Also, the prayers pirouetted around the fact the perpetrators of the atrocity were Poles, or at least overwhelmingly Poles. They referred vaguely to “some Poles, several of them baptized” among the culprits.

There was more. On the eve of the service, Jozef Cardinal Glemp, Poland’s primate, proposed a “deal”: In return for the Poles asking the Jews to forgive them for Jedwabne, the Jews should “apologize to Poles for helping to impose communism on their country after World War II.”

It was a remarkable statement. Quite apart from its vulgar quid pro quo nature, it demonstrated that the leader of Polish Catholics unambiguously embraced the myth that equates Jews with Communists, known in Poland as “ zydo-komuna “ (Jew-Communist).

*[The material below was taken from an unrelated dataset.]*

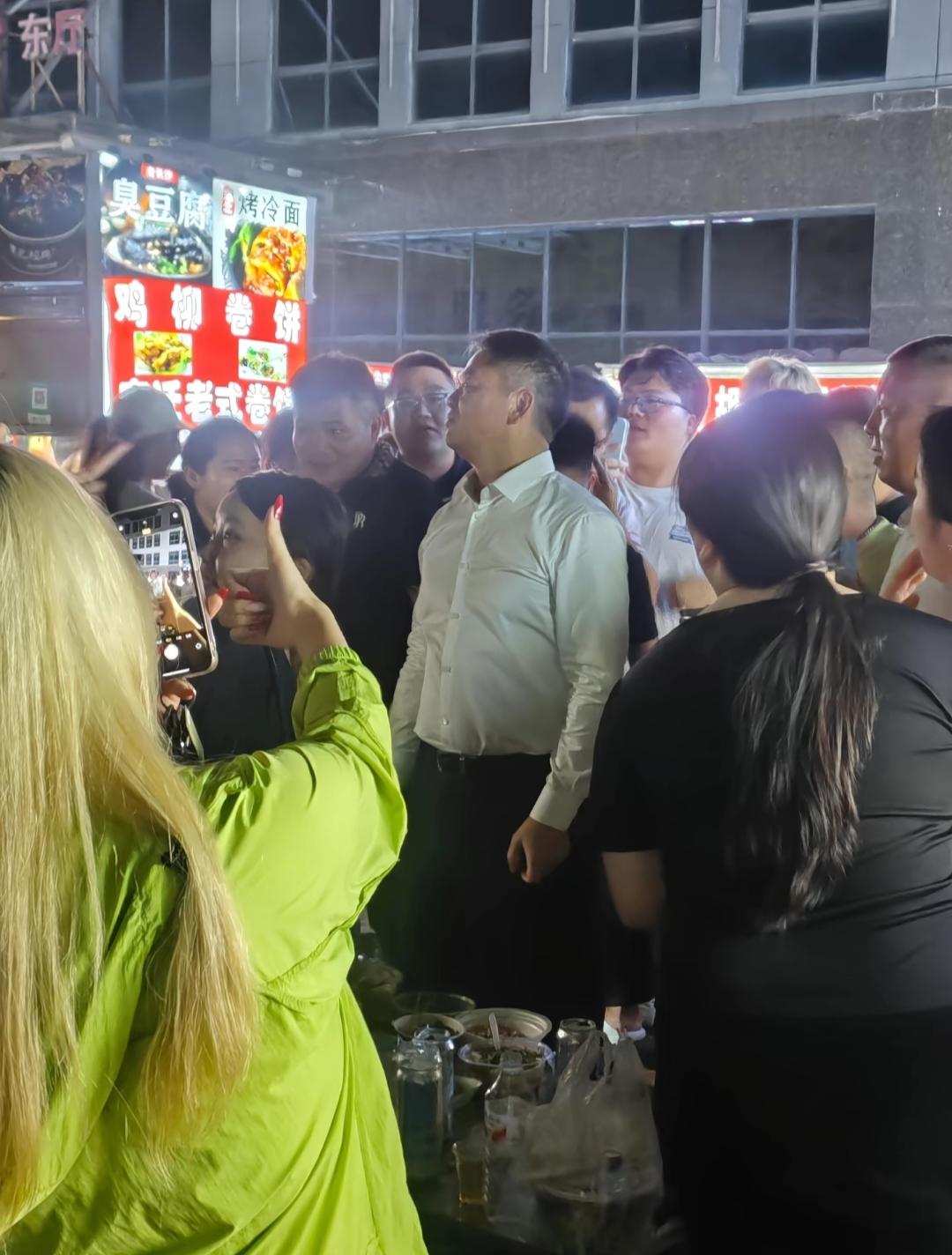 大丈夫当如是也，东哥确实很赞！👍🏻👍🏻👍🏻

Though several Jews were among the leaders who imposed the Communist dictatorship on Poland after the war, overall fewer than 1% of Poland’s Jews were ever Communists, and nearly 30% of all people arrested and exiled by the Soviet forces from 1939 to 1941 were Jews. Nevertheless, both the Catholic Church and Poland’s neo-fascist, anti-Semitic party, the National Democrats, which dominated Polish political life from before and throughout the country’s brief period of independence in the 1920s and 1930s, propagated this noxious idea. Its tenacity is what in part led--as many historians acknowledge--to the mass butcheries like the one at Jedwabne. (For the slaughter in Jedwabne, as we now know, was not the only one.)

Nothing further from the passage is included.